/SpeechEmotionRecognition_Realtime

Speech Emotion Recognition (SER) in real-time, using Deep Neural Networks (DNN) of Long Short Memory Term (LSTM).

Primary LanguageJupyter Notebook

UPDATES: 03/03/22 - reduce_noise inputs have been corrected QA printing added due to np.pad issues: filename, length, & dBFS when needed.

Speech Emotion Recognition (SER) in real-time

A Deep Learning (LSTM) model with keras.

This study aims to investigate and implement an Artificial Intelligence (AI) algorithm that will analyze an audio file in real-time, identify and present the expressed emotion within it.

A classification model is developed in a Deep Learning method, meaning a Deep Neural Network (DNN) while an advanced model for time-series analysis has been chosen, which is the Long Short-Term Memory (LSTM).

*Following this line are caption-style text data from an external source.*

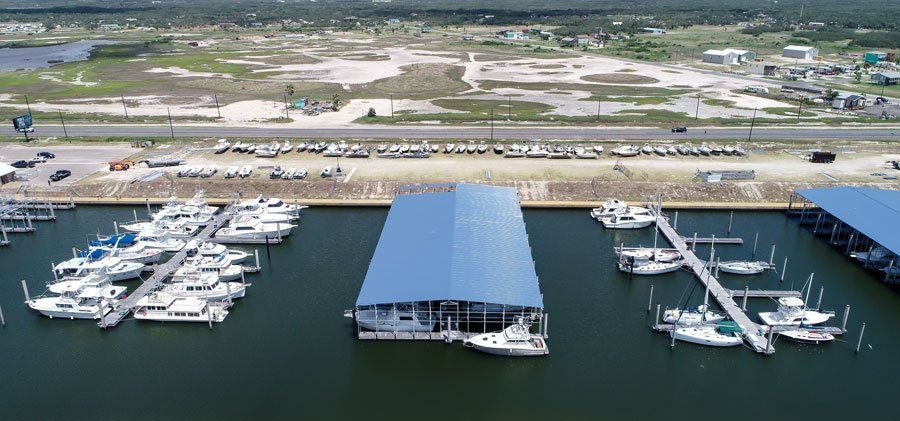 An aerial view of a marina with boats docked in it.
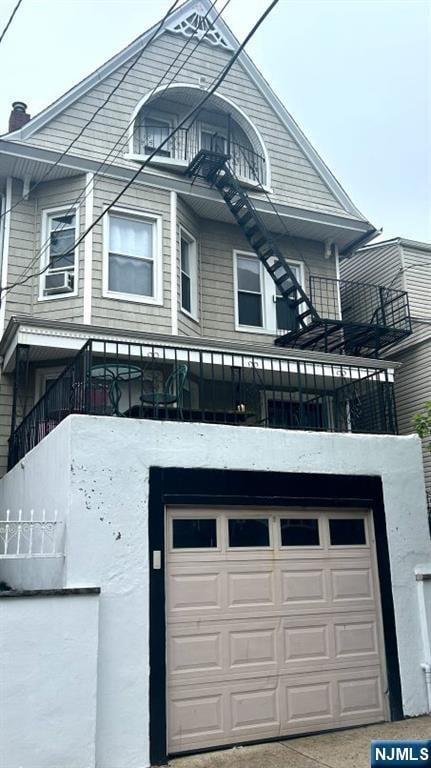 17 48th St, Weehawken, NJ 07086 - view of front of property with a balcony, a garage, stairway, and cooling unit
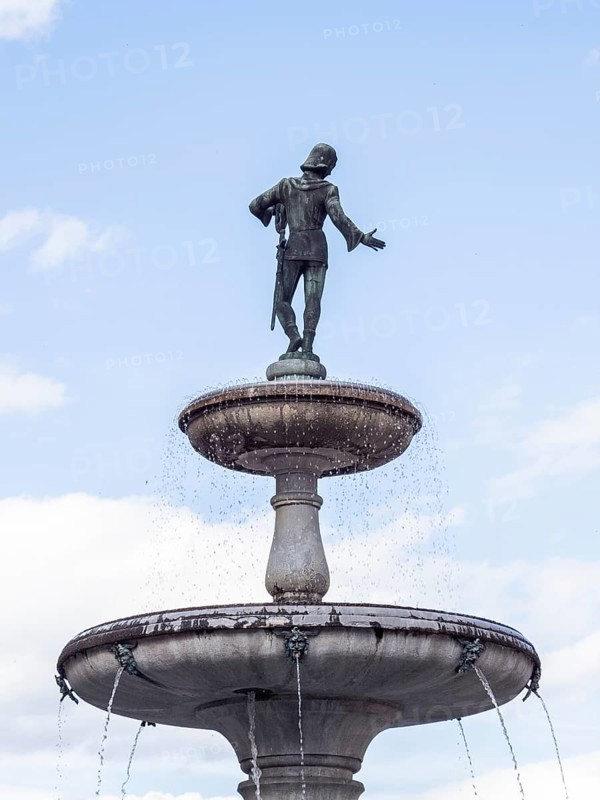 Walther von der Vogelweide Fountain on the main square of St. Veit an der Glan, St. Veit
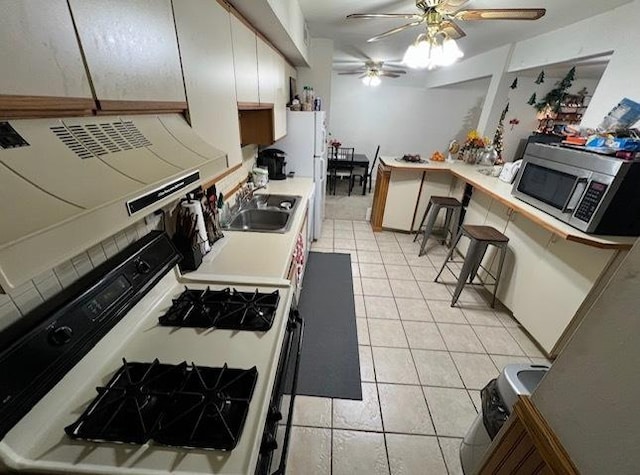 2086 Country Club Dr Unit 3F, Woodridge, IL 60517 - kitchen featuring white gas range oven, stainless steel microwave, a ceiling fan, light countertops, and light tile patterned flooring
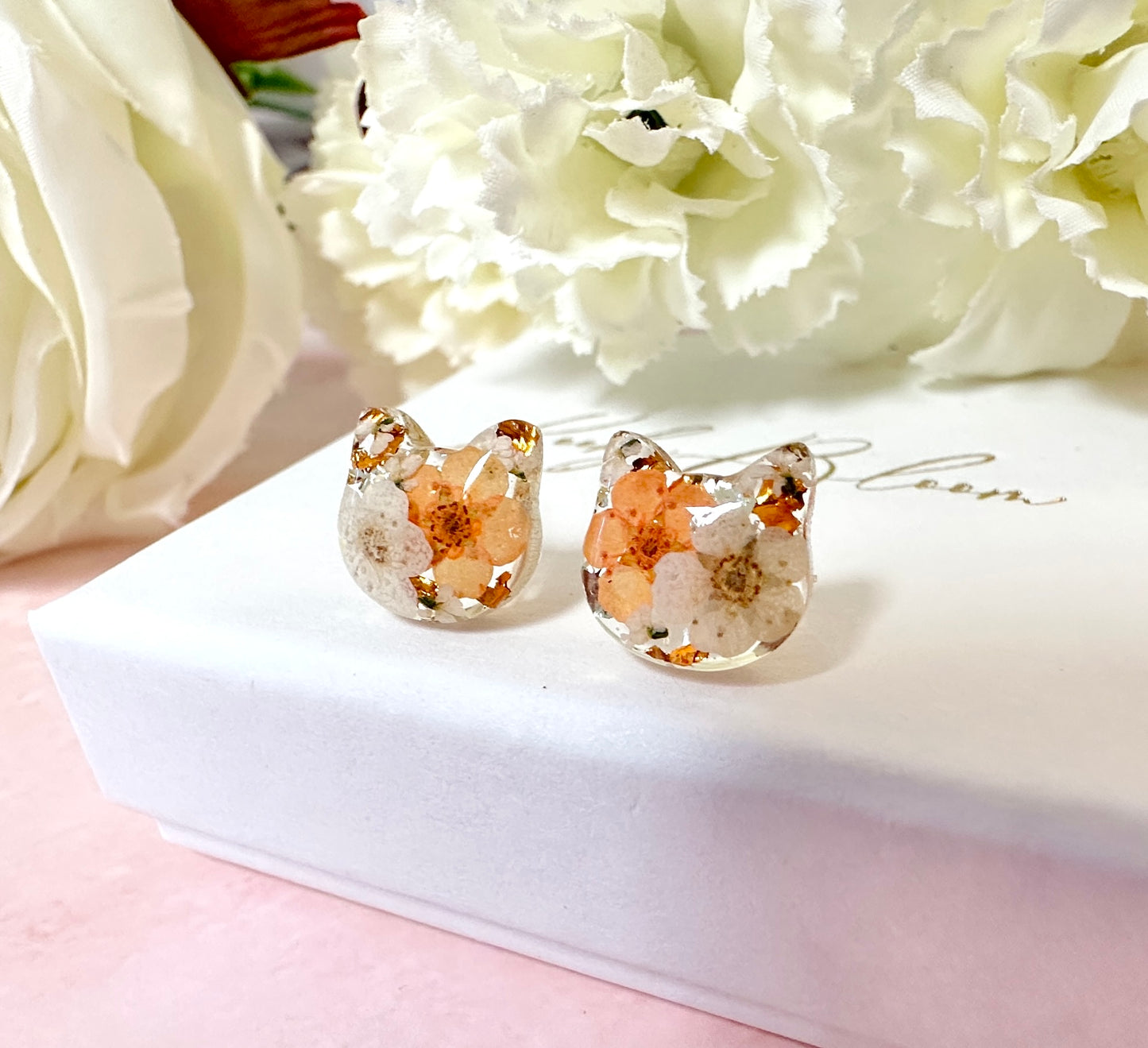 Cat real flower sterling silver stud earrings.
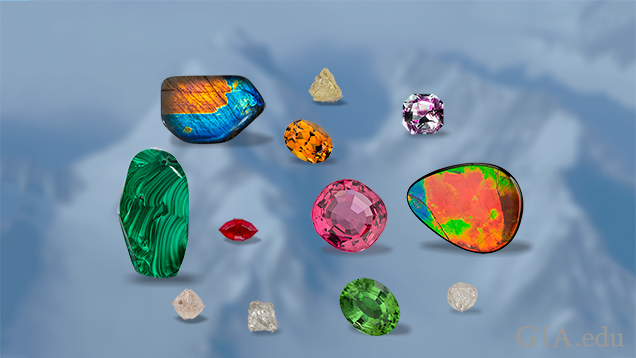 Multi-colored gems are superimposed on an image of glacier peaks. Multi-colored gems are superimposed on an image of glacier peaks.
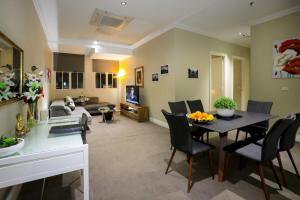 a living room with a table and chairs and a couch at Flinders Landing Apartments in Melbourne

For the train of the model, expressed emotions by actors have been used from The Ryerson Audio-Visual Database of Emotional Speech and Song (RAVDESS) from the Ryerson University, as well as the Toronto Emotional Speech Set (TESS) from the University of Toronto.

Results had shown an accuracy of 87% of emotional recognition from speech. A real-time implementation of the model is executed, receiving microphone signal as input and analyzing it cyclicly, outputs the distribution of emotions expressed every time cycle. When recognizing silence of 2 seconds or more, the system autonomously stops.